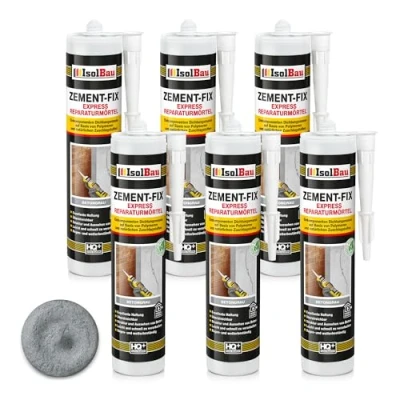Abbildung von Isolbau Zement Fix 6 x 300 ml Betongrau Express Reperaturmörtel Dichtungsmasse für Fugen &amp; Risse im Innen Außenbereich, Kartusche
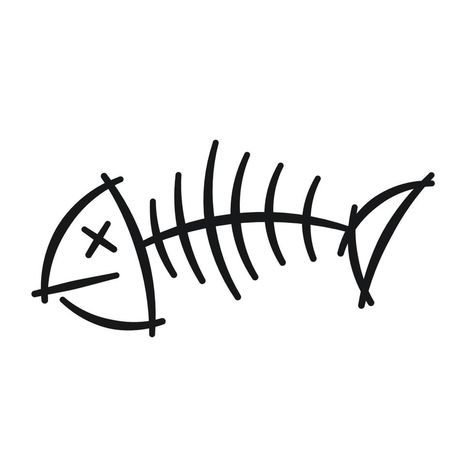 line art of a fish Simple Bone Tattoo, Cool Art Sketches, Simple Skull Tattoo, Fish Bone Tattoo, Tattoo Planning, Easy Tattoos To Draw, Bone Drawing, Easy Graffiti, Basic Tattoos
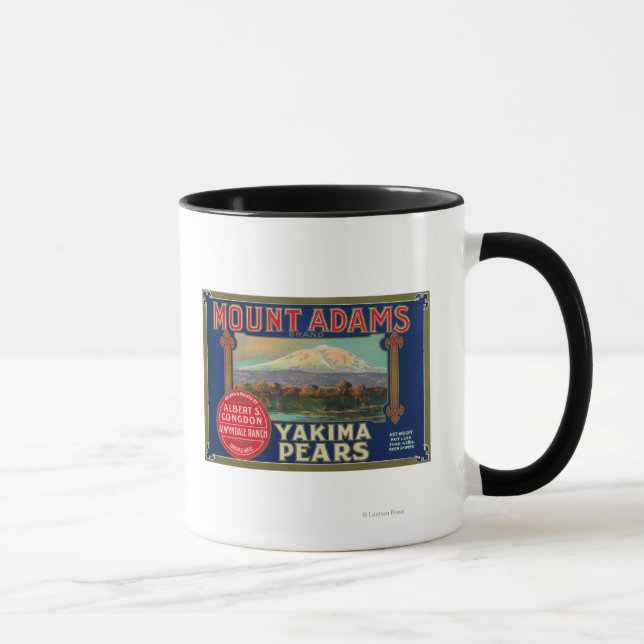 Tasse Étiquette du cadran de poire du mont Adams Yakima, (Droite)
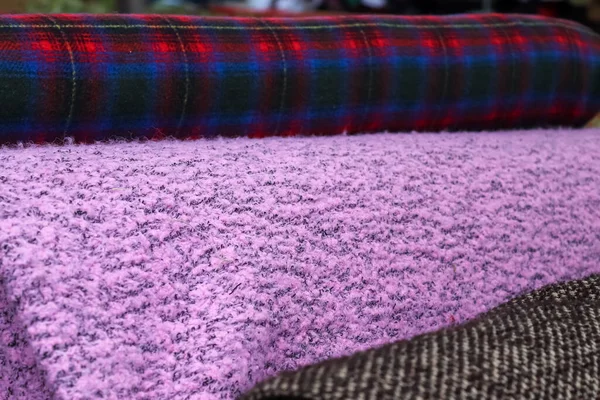 Samples Cloth Fabrics Different Colors Found Fabrics Market — 스톡 사진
⁂
TASK OBJECTIVE: All of the data above needs to be retyped exactly, with the pictures removed.

ANSWER BOX:
Abbildung von Isolbau Zement Fix 6 x 300 ml Betongrau Express Reperaturmörtel Dichtungsmasse für Fugen &amp; Risse im Innen Außenbereich, Kartusche
 line art of a fish Simple Bone Tattoo, Cool Art Sketches, Simple Skull Tattoo, Fish Bone Tattoo, Tattoo Planning, Easy Tattoos To Draw, Bone Drawing, Easy Graffiti, Basic Tattoos
 Tasse Étiquette du cadran de poire du mont Adams Yakima, (Droite)
 Samples Cloth Fabrics Different Colors Found Fabrics Market — 스톡 사진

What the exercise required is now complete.